Als Artist ist mein Programm die Grundlage meiner Existenz. Programm kann als Artist heißen: Einzelne Nummern von meist fünf bis zehn Minuten Länge oder auch längere, zusammenhängende Programme, die thematisch viele Nummern miteinander verbinden bis hin zum zweistündigen Soloprogramm.

Vor ungefähr zehn Jahren begann ich, damals als gerade gewordener Jongliertrainer im Geislinger Zirkus Fitze Fatze, erste Nummern zu erstellen. Zu der Zeit waren das noch keine Solonummern, sondern wir traten meist mit zwei bis sechs Jongleuren/Jongleusen auf.

Meist war da zuerst ein Musikstück, zu dem ich mir gut eine Nummer mit bestimmten Requisiten vorstellen konnte. Zum Schlagzeugbeat von ‚Played-a-live‘ jonglierten wir Bälle und zu ‚The bad touch‘ Diabolos. Zunächst waren diese Nummern noch einfach gehalten, das heißt wir überlegten uns eine Reihenfolge, wann wer welche Tricks macht. Manchmal passte das an bestimmten Stellen zur Musik, oft gab die Musik auch nur die passende ‚Hintergrundstimmung‘. Nach dem Prinzip kann man auch noch ziemlich kurzfristig, also zwei bis drei Proben vor dem Auftritt, eine einfache Nummer hinbekommen, was für unser damaliges Niveau und die Anforderungen unseres Publikums in Ordnung war.

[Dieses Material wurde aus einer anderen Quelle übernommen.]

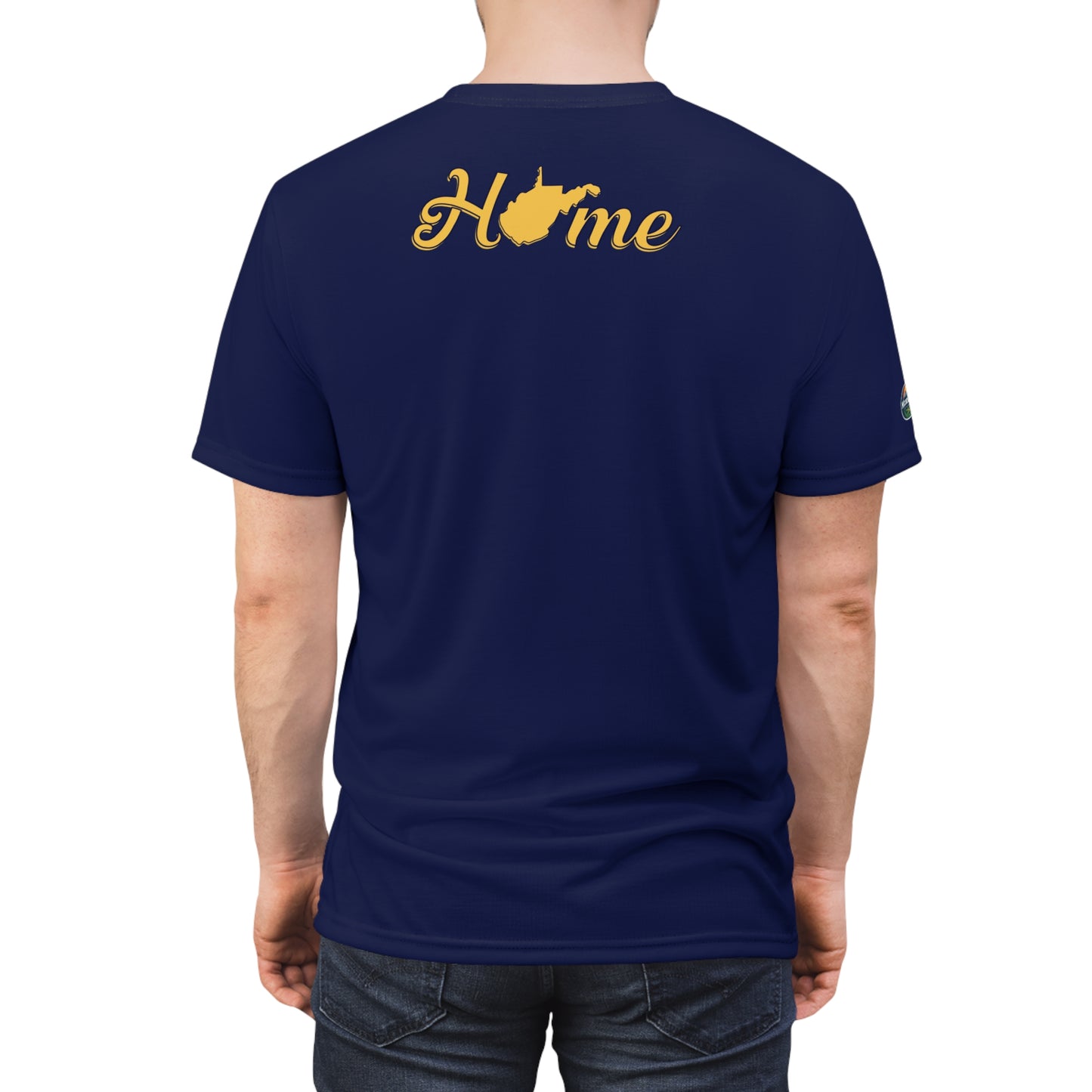 Men's Graphic Tee Shirt | "Home WV" by Nicodemus Studios-Nicodemus Studios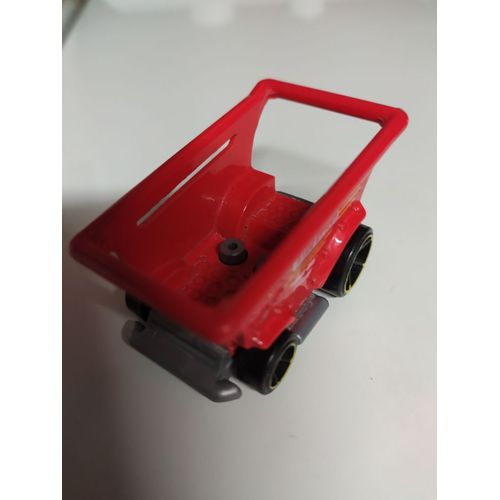 Hot Wheels Chariot Rouge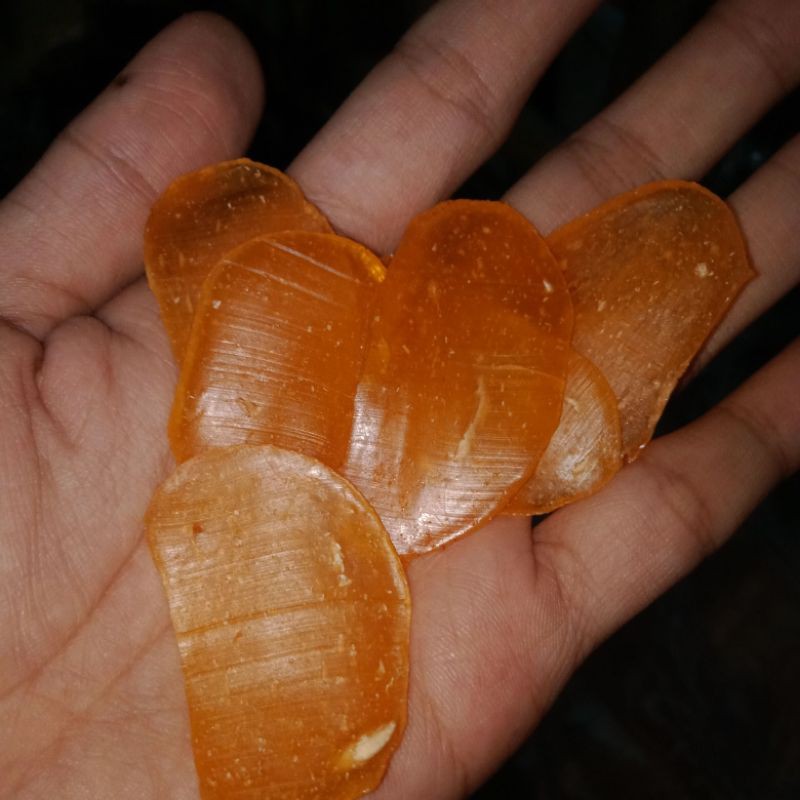 

krupuk kuning / lek hie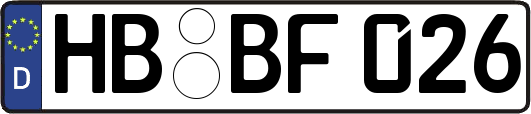 HB-BF026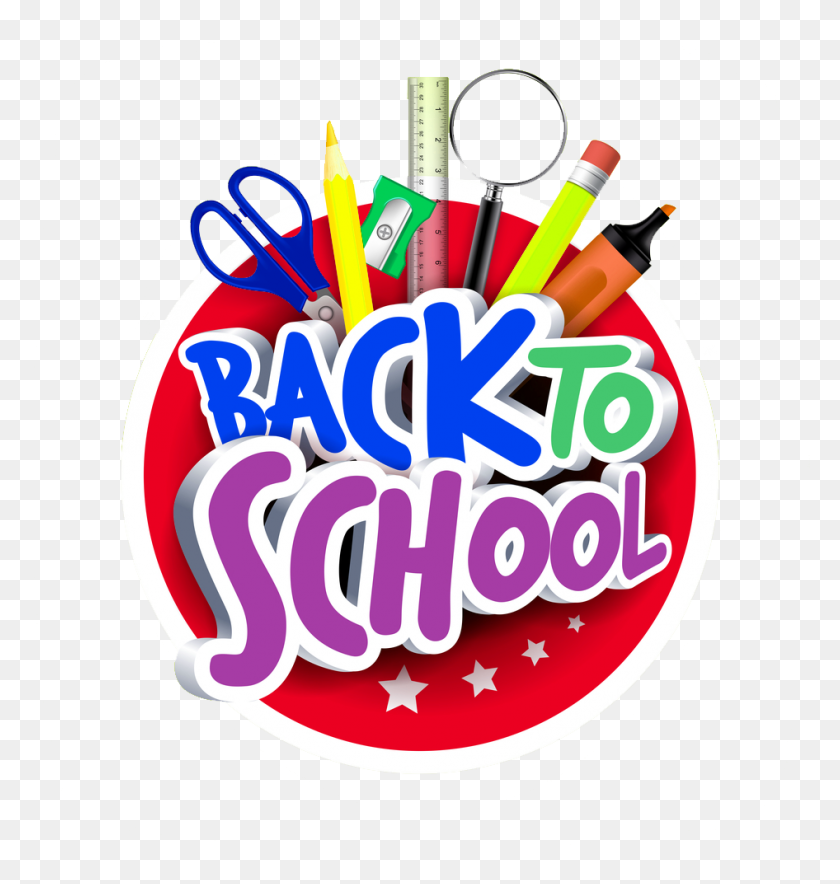 946x1000 Back To School Png Image Vector, Clipart - Back To School PNG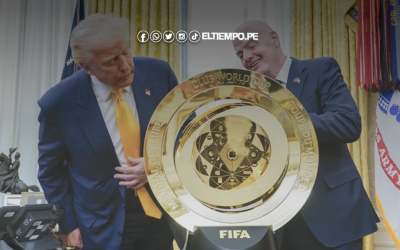 El trofeo del Mundial de Clubes está con Trump: “Lo tengo en el Despacho Oval”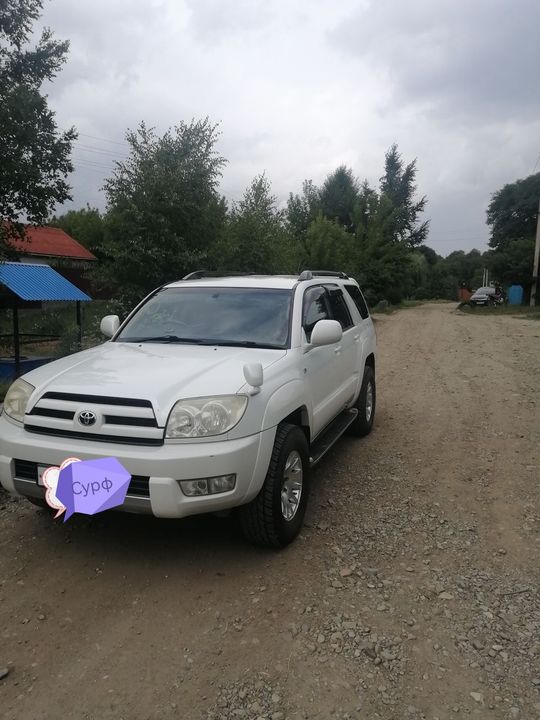 Toyota Hilux Surf 2002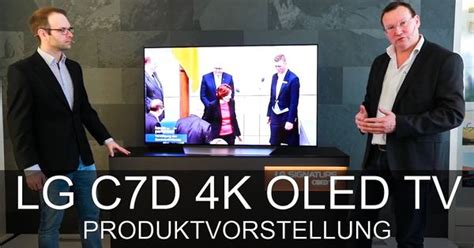 LG OLED65C7D - 65 Zoll OLED Fernseher für 1.838,90€ (statt 2.020€)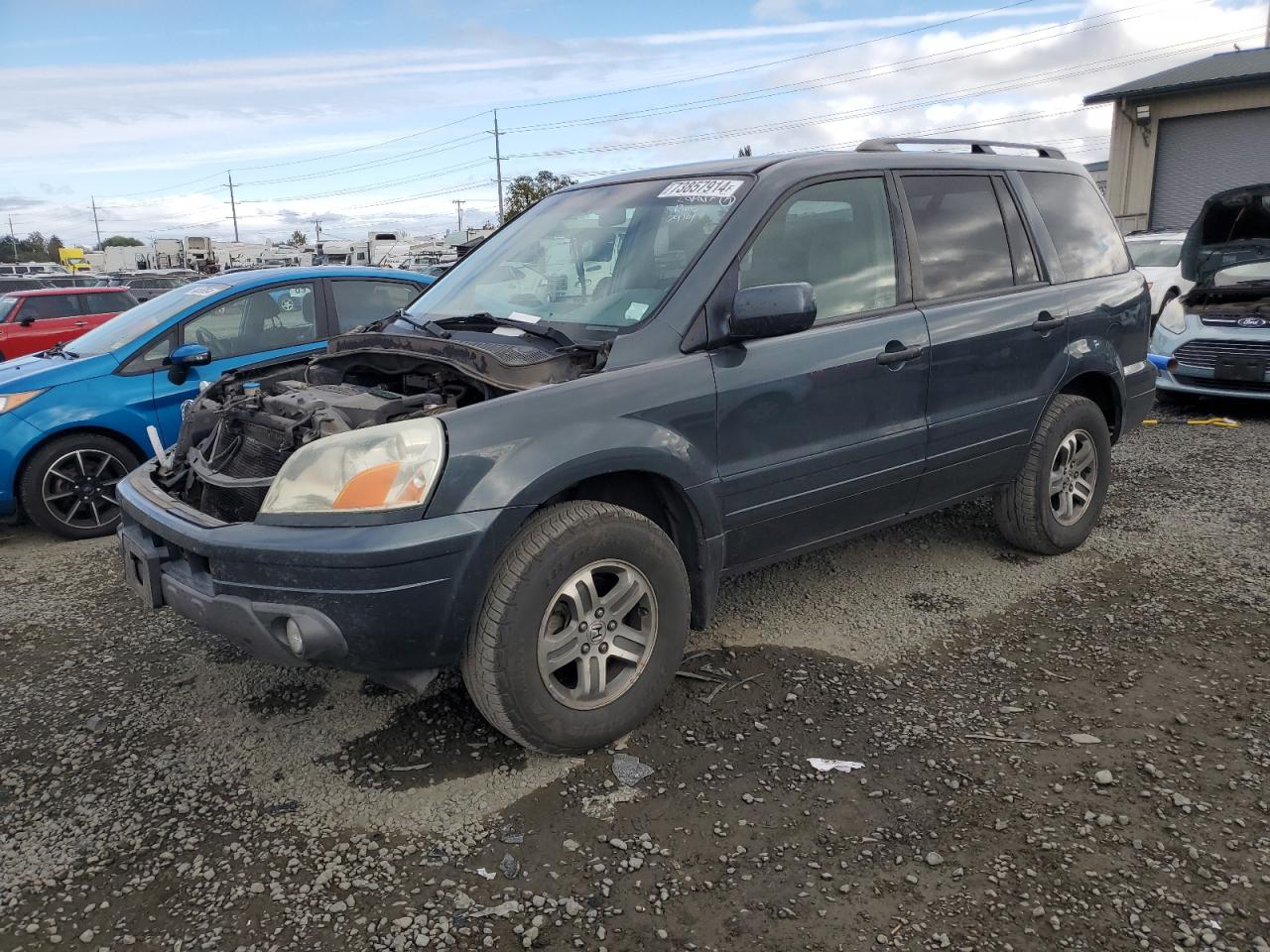 2004 HONDA PILOT EXL - 2HKYF18594H552709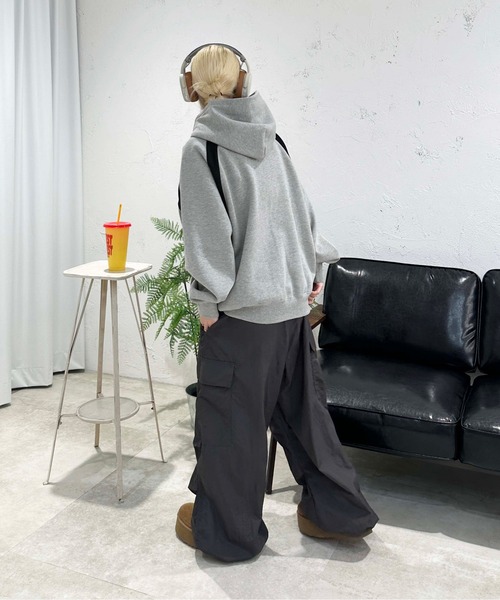 sedacle（セダクル）の「ユニフォームライクパーカー（パーカー・メンズ・ブラック/ネイビー/グレー・MEDIUM/LARGE）」の17枚目の写真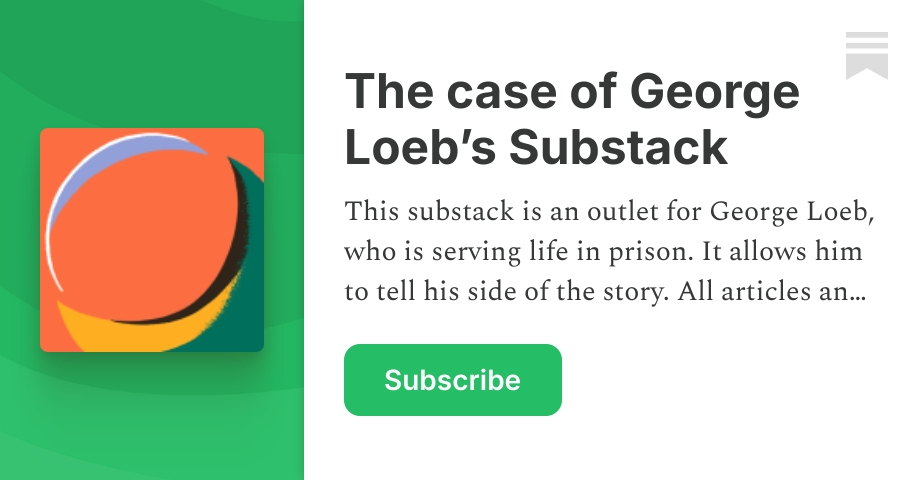 Archive - The case of George Loeb’s Substack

Dann kann man Nummern aber auch thematisch angehen. Ein klarer Fall hiervon ist die Piratennummer, die ich mit meiner damaligen Jonglierpartnerin sowie zwei Kindern vom Zirkus als ‚Beiwerk‘ entworfen habe – natürlich mit Musik aus ‚Fluch der Karibik‘ – mittlerweile ein Klassiker in (Jugend)zirkusnummern, vermute ich.

Seit gut vier Jahren mache ich ernsthaft Solonummern – meine erste richtige Solonummer war eine im Elvis-Stil zu ‚A little less conversation‘, wobei ich mit Bouncingbällen, das sind große Flummis, in der Luft und am Boden abwechselnd jongliert habe. Dazu kamen Schnipsen und amateurhafte Tanzversuche im Elvis-Stil. Noch führte ich das ausschließlich im Rahmen des Zirkus Fitze Fatze auf.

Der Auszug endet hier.